Римская диктатура последнего века Республики - Нина Чеканова
Шрифт:
Интервал:
Воплощенной концентрацией римского характера был Марк Порций Катон Старший (Plut. Cato Maior, 2; 8). Однако анализ его жизни и политической деятельности позволяет говорить о том, что в публицистике, римской историографии и общественном мнении выступает искусственно созданный идеальный образ. Нравственная высота Катона превозносилась и современниками, и античными историками (Plut. Cato Maior, 19). Ему приписывали множество афоризмов по поводу морально-этического и государственно-политического состояния Республики, среди которых был, например, такой: «Если вы (римляне) достигли величия доблестью и умеренностью, не меняйтесь к худшему; если же невоздержанностью и пороком, изменитесь к лучшему» (Plut.

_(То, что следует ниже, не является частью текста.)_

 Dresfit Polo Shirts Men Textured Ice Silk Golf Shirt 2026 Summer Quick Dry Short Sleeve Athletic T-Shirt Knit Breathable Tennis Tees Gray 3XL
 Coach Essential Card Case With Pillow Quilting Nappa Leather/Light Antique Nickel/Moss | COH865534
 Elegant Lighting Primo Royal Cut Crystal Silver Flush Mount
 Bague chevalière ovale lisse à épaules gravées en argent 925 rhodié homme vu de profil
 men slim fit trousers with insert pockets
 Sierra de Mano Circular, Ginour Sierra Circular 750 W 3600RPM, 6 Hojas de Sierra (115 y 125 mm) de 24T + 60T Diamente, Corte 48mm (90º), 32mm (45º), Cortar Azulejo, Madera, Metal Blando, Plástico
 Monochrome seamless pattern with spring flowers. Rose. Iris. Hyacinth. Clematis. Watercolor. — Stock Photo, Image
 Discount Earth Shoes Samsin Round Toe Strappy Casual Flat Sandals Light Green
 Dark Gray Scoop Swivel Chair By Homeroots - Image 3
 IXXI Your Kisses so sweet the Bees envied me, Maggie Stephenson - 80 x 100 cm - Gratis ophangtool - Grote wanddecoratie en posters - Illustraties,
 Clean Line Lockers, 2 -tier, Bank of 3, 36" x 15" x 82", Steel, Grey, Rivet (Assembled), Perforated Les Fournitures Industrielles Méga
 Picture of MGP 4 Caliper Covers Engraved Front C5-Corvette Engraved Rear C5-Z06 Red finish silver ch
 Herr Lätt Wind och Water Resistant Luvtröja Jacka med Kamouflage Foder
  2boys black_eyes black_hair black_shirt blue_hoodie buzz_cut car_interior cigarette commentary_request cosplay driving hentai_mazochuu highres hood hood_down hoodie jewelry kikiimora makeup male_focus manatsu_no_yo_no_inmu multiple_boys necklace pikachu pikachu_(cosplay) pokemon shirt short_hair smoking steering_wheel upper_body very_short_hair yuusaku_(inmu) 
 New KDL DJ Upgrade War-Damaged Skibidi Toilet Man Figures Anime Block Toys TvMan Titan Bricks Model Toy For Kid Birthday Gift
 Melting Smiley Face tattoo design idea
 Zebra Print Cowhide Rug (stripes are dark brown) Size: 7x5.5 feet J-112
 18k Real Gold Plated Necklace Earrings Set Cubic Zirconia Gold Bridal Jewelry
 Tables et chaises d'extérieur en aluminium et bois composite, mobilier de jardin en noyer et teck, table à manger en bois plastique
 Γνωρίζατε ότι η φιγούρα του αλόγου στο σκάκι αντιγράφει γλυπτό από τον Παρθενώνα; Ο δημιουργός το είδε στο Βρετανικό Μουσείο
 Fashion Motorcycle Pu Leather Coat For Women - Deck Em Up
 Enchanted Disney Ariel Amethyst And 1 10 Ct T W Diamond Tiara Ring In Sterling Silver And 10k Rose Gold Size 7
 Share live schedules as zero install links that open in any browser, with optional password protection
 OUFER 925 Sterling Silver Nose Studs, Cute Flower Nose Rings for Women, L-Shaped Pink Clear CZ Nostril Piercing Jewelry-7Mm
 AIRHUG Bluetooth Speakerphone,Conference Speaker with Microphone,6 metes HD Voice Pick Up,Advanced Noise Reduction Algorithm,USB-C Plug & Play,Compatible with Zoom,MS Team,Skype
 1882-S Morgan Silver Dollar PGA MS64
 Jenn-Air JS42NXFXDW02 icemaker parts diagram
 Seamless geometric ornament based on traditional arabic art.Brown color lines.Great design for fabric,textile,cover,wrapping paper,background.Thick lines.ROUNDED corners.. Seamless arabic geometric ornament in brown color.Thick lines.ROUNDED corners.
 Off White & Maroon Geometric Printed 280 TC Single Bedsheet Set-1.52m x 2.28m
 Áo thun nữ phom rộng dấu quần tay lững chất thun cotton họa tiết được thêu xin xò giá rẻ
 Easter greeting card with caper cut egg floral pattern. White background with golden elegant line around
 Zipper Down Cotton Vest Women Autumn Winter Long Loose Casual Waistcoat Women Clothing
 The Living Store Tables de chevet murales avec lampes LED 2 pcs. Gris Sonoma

Reg. et imper. apophth., 198 D—199 E; ср.: Plut. Cato Maior, 8). Выступая носителем традиционных республиканских ценностей и борцом за добрые старые нравы, на деле он был антиподом ортодоксальных ревнителей mos maiorum. Его идейный консерватизм сочетался с практическим «футуризмом». Считая, что основным источником материального состояния должно быть сельское хозяйство, он не настаивал на традиционном принципе умеренности труда и скромном уровне доходов. Катон был не столько скромным землевладельцем старого типа, сколько деловым человеком и новатором, провозгласившим новые принципы организации хозяйства, постепенно и повсеместно утвердившиеся, главный из которых — обогащение; ради прибыли был готов на мало престижные операции.[22] Отстаивая приоритет государственных интересов над семейными и личными, он тем не менее не отодвигал заботы о доме на второй план (Plut. Cato. Maior, 20), а стремясь к удовлетворению личных целей, азартно преследовал своих врагов, допускал сомнительные с точки зрения традиционной морали поступки (неблаговидное поведение в суде), мог изменить общинным нравственно-этическим нормам поведения (Liv., XXXVII, 57—58; Plut. Cato Maior, 19; 21; 24). Ю. Г. Чернышов высказал несколько резкое, но довольно точное замечание, о том, что образ Катона Старшего имеет литературно-художественный отпечаток и заслоняет историческую действительность. Мы же считаем возможным дополнить этот общий вывод: в античной традиции это было сделано намеренно, с целью создания образца, связанного с традиционной общинной моралью.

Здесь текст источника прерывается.